"""

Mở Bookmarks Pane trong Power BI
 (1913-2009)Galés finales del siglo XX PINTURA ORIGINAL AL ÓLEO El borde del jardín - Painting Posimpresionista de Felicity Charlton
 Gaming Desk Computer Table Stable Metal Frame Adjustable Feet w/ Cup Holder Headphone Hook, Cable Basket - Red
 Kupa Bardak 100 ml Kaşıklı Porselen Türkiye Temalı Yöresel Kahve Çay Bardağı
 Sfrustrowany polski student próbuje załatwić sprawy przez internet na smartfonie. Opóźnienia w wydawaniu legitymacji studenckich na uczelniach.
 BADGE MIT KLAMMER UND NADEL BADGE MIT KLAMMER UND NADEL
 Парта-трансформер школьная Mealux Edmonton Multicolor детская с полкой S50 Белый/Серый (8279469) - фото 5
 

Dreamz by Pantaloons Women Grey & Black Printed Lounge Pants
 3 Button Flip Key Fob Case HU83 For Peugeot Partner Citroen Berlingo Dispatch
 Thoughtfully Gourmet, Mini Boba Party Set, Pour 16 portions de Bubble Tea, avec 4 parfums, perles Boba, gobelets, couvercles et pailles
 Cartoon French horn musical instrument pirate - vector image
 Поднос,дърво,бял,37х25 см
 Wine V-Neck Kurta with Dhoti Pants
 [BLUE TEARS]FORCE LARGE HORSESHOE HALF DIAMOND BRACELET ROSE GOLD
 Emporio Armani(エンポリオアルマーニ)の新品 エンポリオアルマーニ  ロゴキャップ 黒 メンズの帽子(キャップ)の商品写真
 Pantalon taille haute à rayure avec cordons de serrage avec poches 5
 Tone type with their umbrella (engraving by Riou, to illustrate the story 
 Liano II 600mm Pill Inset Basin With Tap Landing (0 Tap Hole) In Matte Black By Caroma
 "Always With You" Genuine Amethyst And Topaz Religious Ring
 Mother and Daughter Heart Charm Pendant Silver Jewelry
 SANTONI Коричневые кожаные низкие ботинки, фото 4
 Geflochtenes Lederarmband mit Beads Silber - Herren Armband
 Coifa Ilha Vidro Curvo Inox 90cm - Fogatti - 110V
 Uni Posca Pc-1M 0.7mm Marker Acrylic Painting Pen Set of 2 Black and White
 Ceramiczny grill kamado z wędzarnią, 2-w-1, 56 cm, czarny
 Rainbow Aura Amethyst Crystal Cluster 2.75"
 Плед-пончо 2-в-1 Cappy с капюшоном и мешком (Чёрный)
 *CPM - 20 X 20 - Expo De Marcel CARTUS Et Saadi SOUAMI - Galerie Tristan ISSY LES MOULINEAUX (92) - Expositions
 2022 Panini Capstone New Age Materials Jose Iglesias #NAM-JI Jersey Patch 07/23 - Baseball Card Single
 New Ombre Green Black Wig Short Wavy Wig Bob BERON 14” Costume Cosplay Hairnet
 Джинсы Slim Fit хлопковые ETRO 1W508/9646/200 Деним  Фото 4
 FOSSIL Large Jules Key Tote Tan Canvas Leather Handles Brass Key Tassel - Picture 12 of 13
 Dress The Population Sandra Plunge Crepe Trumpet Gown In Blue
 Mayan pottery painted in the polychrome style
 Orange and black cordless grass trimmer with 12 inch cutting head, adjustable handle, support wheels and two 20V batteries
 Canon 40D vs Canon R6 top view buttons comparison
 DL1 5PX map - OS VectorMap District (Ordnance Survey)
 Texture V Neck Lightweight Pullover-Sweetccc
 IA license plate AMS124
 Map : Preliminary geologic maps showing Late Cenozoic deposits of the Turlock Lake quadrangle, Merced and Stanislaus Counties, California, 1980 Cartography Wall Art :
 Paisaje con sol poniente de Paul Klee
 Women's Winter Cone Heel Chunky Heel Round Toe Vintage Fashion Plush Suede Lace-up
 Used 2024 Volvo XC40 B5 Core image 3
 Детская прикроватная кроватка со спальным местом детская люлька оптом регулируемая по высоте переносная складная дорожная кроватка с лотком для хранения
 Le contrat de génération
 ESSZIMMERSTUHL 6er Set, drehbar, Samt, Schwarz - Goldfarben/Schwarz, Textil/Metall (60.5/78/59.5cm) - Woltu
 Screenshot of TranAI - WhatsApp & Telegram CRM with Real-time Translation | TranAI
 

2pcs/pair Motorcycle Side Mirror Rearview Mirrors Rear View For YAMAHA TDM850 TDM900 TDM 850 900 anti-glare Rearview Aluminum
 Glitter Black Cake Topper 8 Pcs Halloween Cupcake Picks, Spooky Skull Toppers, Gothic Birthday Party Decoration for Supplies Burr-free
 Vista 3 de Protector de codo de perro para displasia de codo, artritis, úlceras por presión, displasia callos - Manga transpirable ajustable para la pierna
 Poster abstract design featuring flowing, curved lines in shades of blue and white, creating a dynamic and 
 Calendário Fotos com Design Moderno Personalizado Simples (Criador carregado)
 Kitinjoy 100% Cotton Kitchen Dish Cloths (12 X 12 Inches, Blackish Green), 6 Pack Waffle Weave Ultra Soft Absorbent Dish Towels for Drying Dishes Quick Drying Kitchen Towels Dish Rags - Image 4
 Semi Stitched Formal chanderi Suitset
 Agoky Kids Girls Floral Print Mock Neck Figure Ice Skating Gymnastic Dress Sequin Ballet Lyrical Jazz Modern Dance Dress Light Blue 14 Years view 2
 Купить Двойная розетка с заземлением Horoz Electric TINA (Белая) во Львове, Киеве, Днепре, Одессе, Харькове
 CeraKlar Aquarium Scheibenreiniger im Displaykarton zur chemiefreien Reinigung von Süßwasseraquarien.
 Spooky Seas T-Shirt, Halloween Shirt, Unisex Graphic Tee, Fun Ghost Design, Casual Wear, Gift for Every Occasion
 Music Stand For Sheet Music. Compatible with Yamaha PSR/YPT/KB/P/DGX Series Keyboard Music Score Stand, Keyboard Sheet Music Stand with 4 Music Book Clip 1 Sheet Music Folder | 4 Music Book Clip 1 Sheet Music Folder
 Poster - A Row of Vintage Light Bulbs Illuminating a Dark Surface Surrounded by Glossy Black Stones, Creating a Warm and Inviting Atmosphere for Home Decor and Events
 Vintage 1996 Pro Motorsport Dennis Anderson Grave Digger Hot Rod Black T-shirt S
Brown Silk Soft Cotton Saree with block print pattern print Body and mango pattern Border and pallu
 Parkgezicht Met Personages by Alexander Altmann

"""

Exercise instructions:
Take the lines from the start of the records through the line holding "Mother and Daughter", both included, and please print them exactly, with nothing else.

Your solution:
Mở Bookmarks Pane trong Power BI
 (1913-2009)Galés finales del siglo XX PINTURA ORIGINAL AL ÓLEO El borde del jardín - Painting Posimpresionista de Felicity Charlton
 Gaming Desk Computer Table Stable Metal Frame Adjustable Feet w/ Cup Holder Headphone Hook, Cable Basket - Red
 Kupa Bardak 100 ml Kaşıklı Porselen Türkiye Temalı Yöresel Kahve Çay Bardağı
 Sfrustrowany polski student próbuje załatwić sprawy przez internet na smartfonie. Opóźnienia w wydawaniu legitymacji studenckich na uczelniach.
 BADGE MIT KLAMMER UND NADEL BADGE MIT KLAMMER UND NADEL
 Парта-трансформер школьная Mealux Edmonton Multicolor детская с полкой S50 Белый/Серый (8279469) - фото 5
 

Dreamz by Pantaloons Women Grey & Black Printed Lounge Pants
 3 Button Flip Key Fob Case HU83 For Peugeot Partner Citroen Berlingo Dispatch
 Thoughtfully Gourmet, Mini Boba Party Set, Pour 16 portions de Bubble Tea, avec 4 parfums, perles Boba, gobelets, couvercles et pailles
 Cartoon French horn musical instrument pirate - vector image
 Поднос,дърво,бял,37х25 см
 Wine V-Neck Kurta with Dhoti Pants
 [BLUE TEARS]FORCE LARGE HORSESHOE HALF DIAMOND BRACELET ROSE GOLD
 Emporio Armani(エンポリオアルマーニ)の新品 エンポリオアルマーニ  ロゴキャップ 黒 メンズの帽子(キャップ)の商品写真
 Pantalon taille haute à rayure avec cordons de serrage avec poches 5
 Tone type with their umbrella (engraving by Riou, to illustrate the story 
 Liano II 600mm Pill Inset Basin With Tap Landing (0 Tap Hole) In Matte Black By Caroma
 "Always With You" Genuine Amethyst And Topaz Religious Ring
 Mother and Daughter Heart Charm Pendant Silver Jewelry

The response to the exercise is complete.